The next guy who came by was tall and had grey stubble that was a little too long to be good news. Like he might have just gotten rescued from the desert, or been kicked out of the house a while. "Can I have a pen?" he asked, standing too still and locking eyes with me.
"To keep?" I asked.
"Yes," he said, still motionless, chin lowered slightly. It felt important to him, or at least like it was going to be more trouble than it was worth if I said no. So I said sure and handed him a pen from the cup* and wished him a good day. He took it and said, "I'm detoxing and I need to write down some numbers."
"Good luck," I said, as he walked away.
I turned to my manager, who had been standing beside me, and pre-empted any comment.
"I know, I know," I said. "I made an executive decision. I didn't feel like arguing."
"Nah, it's fine," he said. "I hate these pens anyway."




*Don't get ideas! I don't want the shop to be swamped with people looking for hand-outs tomorrow.

I hope there's cell reception in Haleakala

It was on the quiet side, so I was standing out in front, ready to "intercept" people coming in, per instruction. A lady in tall boots, a long cashmere cardigan and moto-style yoga pants approached, and I heard her tell the person she was on the phone with that she was about to rent a bicycle. I hustled over to the register, making a mental note to ask where she'd gotten her yoga pants after she hung up.
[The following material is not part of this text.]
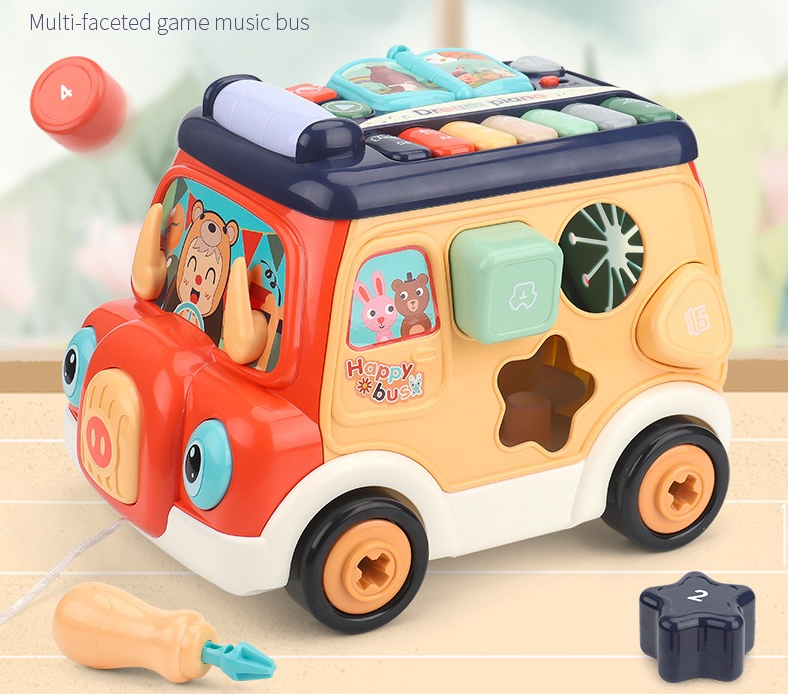 Multi sided game music bus baby early education puzzle shape matching enlightenment toys children's gifts by eprolo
I waited as she stood in front of the counter saying, "We're trying to decide between Haleakala and the Road to Hana. I mean, we could do both." She looked up long enough to tell me she needed a bicycle. I picked up one of our little contract/clipboard combos and started to tell her the parts she needed to fill out, but she was back to talking, so I just tapped the blanks with the pen and pushed both toward her. "I mean, we'll be staying at the Ritz, so they'll be able to help us plan, either way."
Surely she's wrapping up, I thought, so I waited to ask her what kind of bike she wanted. She pushed the contract back toward me, looking into the distance. "I mean, Haleakala is supposed to be amazing, but I don't know if everyone is going to feel like it."
I held up my clawed hand in the international gesture for "I need your credit card." She slapped it down on the contract. I ran it and gave her the receipt to sign, which she did without pausing her conversation or looking up.
"What kind of bike would you like?" I asked, even though she was still talking. Fine. Beach cruiser it is. I grabbed one, set it up next to her and adjusted the saddle height to her size.
"Not that one. I need a basket. We probably shouldn't skip Haleakala, after all." I swapped bikes, crossed out the bike's serial number on her paperwork and adjusted the height. "I have to go, I'm getting on a bicycle now," she said, and finally hung up. And took off. I never did get to ask about her yoga pants, but by that time, I didn't care anyway.